Image-text web data:
++++++++++++++++++++

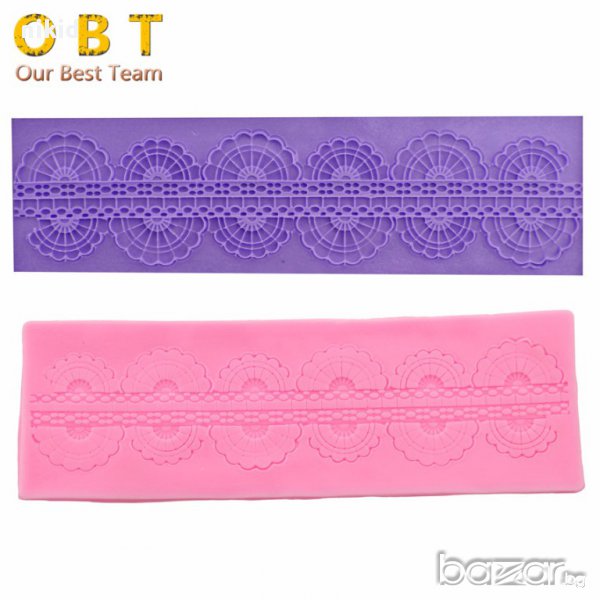 Молд подложка шаблон за сладка захарна дантела двойни ветрила - за декорации на торти , снимка 1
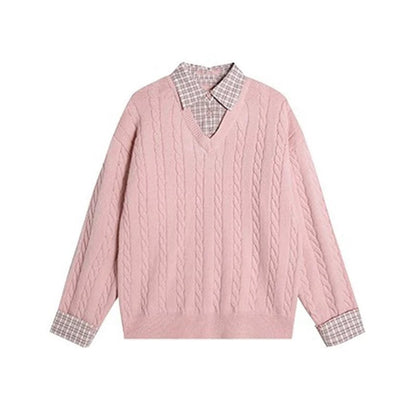 Damen Grobstrickpullover Zopfmuster V-Ausschnitt Norvielle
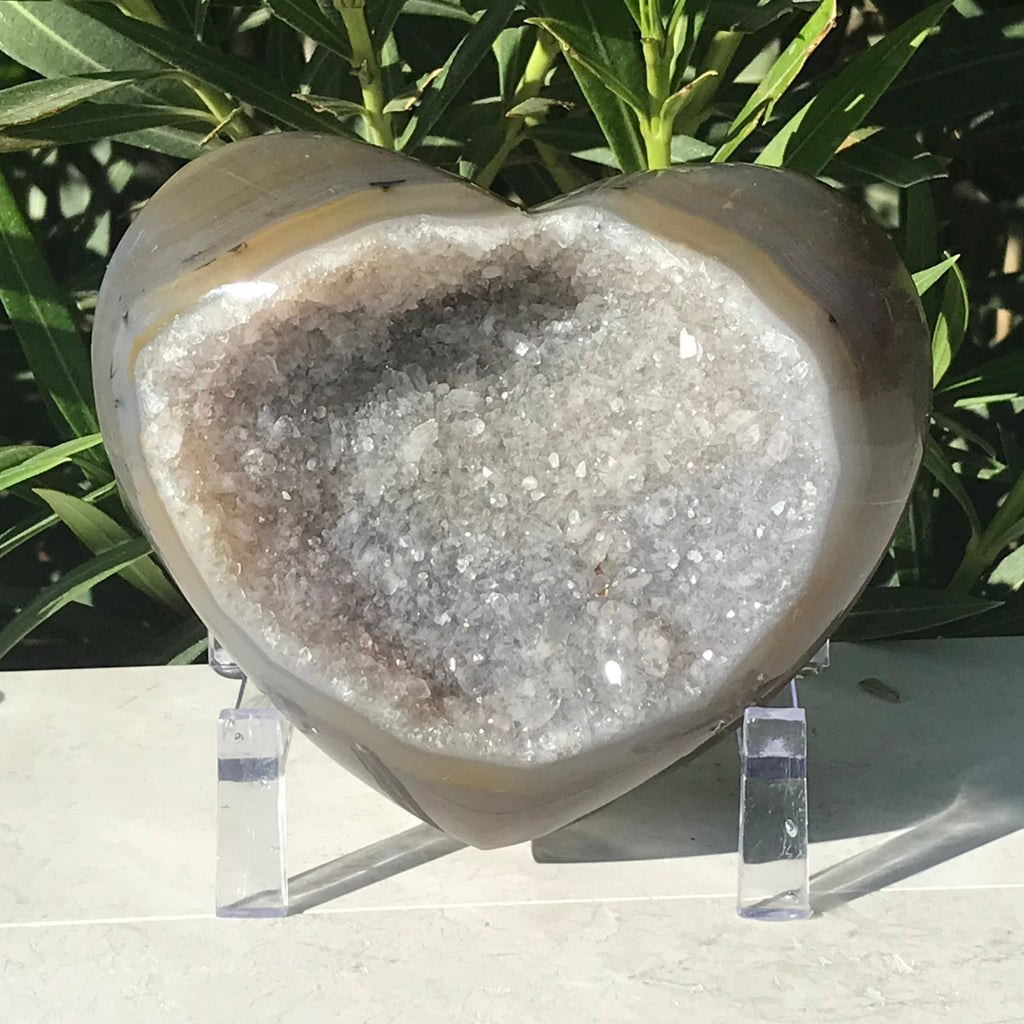 Quartz Crystal Filled Agate Geode Heart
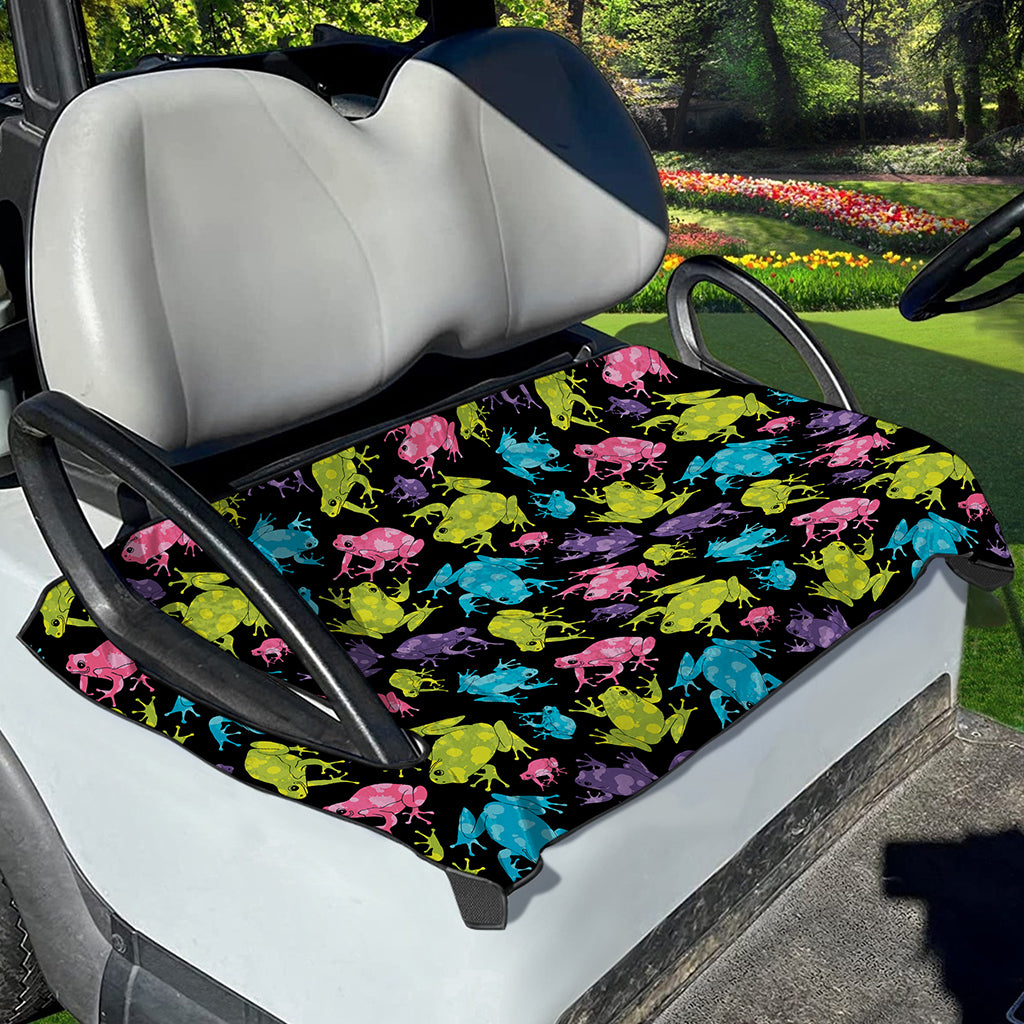 Colorful Frog Pattern Print Golf Cart Seat Cover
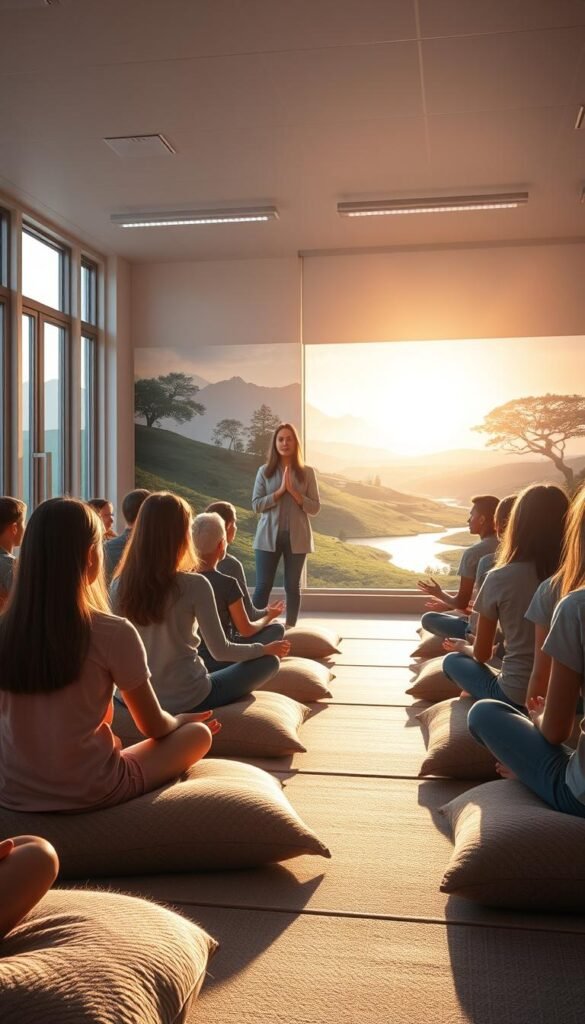A serene classroom setting, the afternoon sun filters through large windows, casting a warm glow. In the foreground, students sit on plush cushions, eyes closed, hands in a meditative pose. Soft ambient music plays, lulling them into a state of tranquility. In the middle ground, a teacher guides them through a mindfulness exercise, their calming voice and soothing gestures helping students connect with their breath and the present moment. The background features inspirational nature imagery - rolling hills, swaying trees, and a distant river. The overall atmosphere is one of introspection, relaxation, and a sense of rejuvenation. A serene classroom setting, the afternoon sun filters through large windows, casting a warm glow. In the foreground, students sit on plush cushions, eyes closed, hands in a meditative pose. Soft ambient music plays, lulling them into a state of tranquility. In the middle ground, a teacher guides them through a mindfulness exercise, their calming voice and soothing gestures helping students connect with their breath and the present moment. The background features inspirational nature imagery - rolling hills, swaying trees, and a distant river. The overall atmosphere is one of introspection, relaxation, and a sense of rejuvenation.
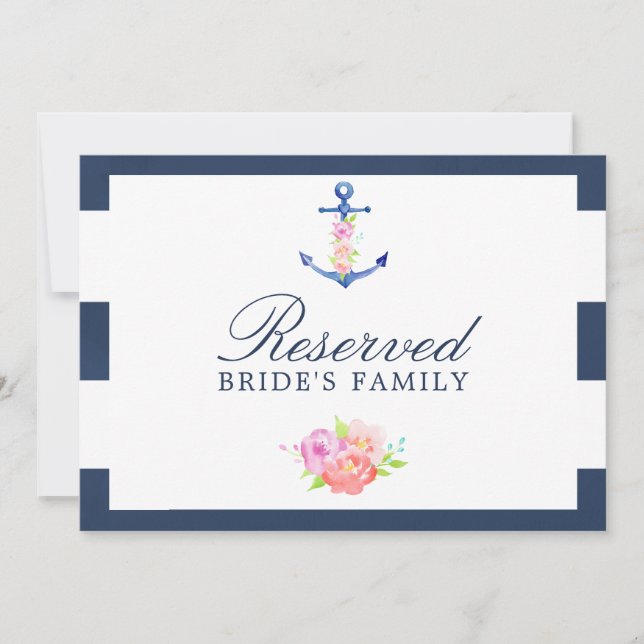 Carte Panneau réservé Mariage nautique floral aquarelle (Devant)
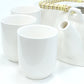 Polished Herbal Teapot Set Classic White featuring natural patterning and unique variations - Positive Faith Hope Love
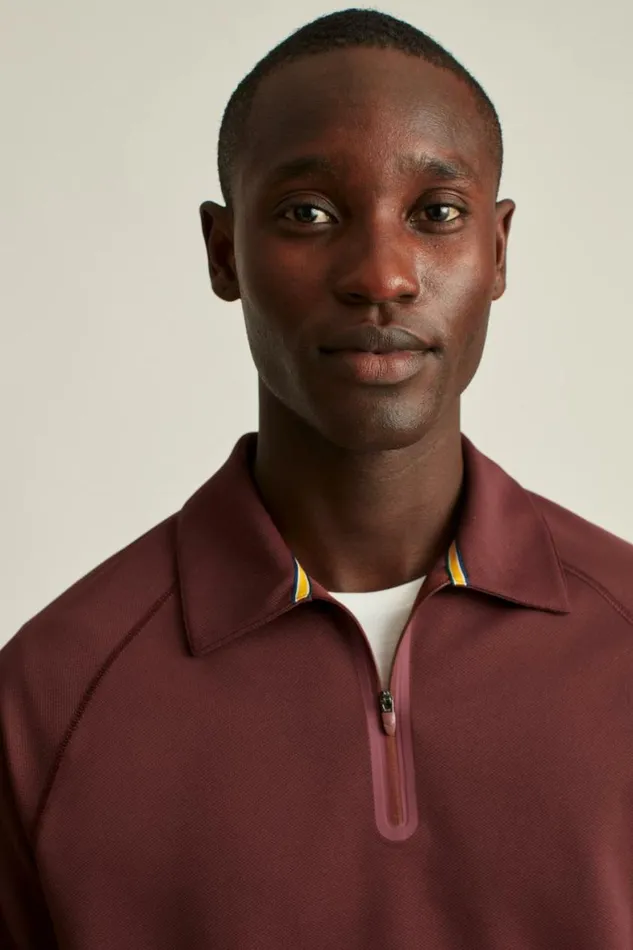 Men Fall Ball Long Sleeve Golf Polo Bordeaux Bonobos Golf Polos and Tops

++++++++++++++++++++

Word for word, restate all of the entries above and leave each picture out.

→ **Worked solution**:
 Молд подложка шаблон за сладка захарна дантела двойни ветрила - за декорации на торти , снимка 1
 Damen Grobstrickpullover Zopfmuster V-Ausschnitt Norvielle
 Quartz Crystal Filled Agate Geode Heart
 Colorful Frog Pattern Print Golf Cart Seat Cover
A serene classroom setting, the afternoon sun filters through large windows, casting a warm glow. In the foreground, students sit on plush cushions, eyes closed, hands in a meditative pose. Soft ambient music plays, lulling them into a state of tranquility. In the middle ground, a teacher guides them through a mindfulness exercise, their calming voice and soothing gestures helping students connect with their breath and the present moment. The background features inspirational nature imagery - rolling hills, swaying trees, and a distant river. The overall atmosphere is one of introspection, relaxation, and a sense of rejuvenation. A serene classroom setting, the afternoon sun filters through large windows, casting a warm glow. In the foreground, students sit on plush cushions, eyes closed, hands in a meditative pose. Soft ambient music plays, lulling them into a state of tranquility. In the middle ground, a teacher guides them through a mindfulness exercise, their calming voice and soothing gestures helping students connect with their breath and the present moment. The background features inspirational nature imagery - rolling hills, swaying trees, and a distant river. The overall atmosphere is one of introspection, relaxation, and a sense of rejuvenation.
 Carte Panneau réservé Mariage nautique floral aquarelle (Devant)
 Polished Herbal Teapot Set Classic White featuring natural patterning and unique variations - Positive Faith Hope Love
 Men Fall Ball Long Sleeve Golf Polo Bordeaux Bonobos Golf Polos and Tops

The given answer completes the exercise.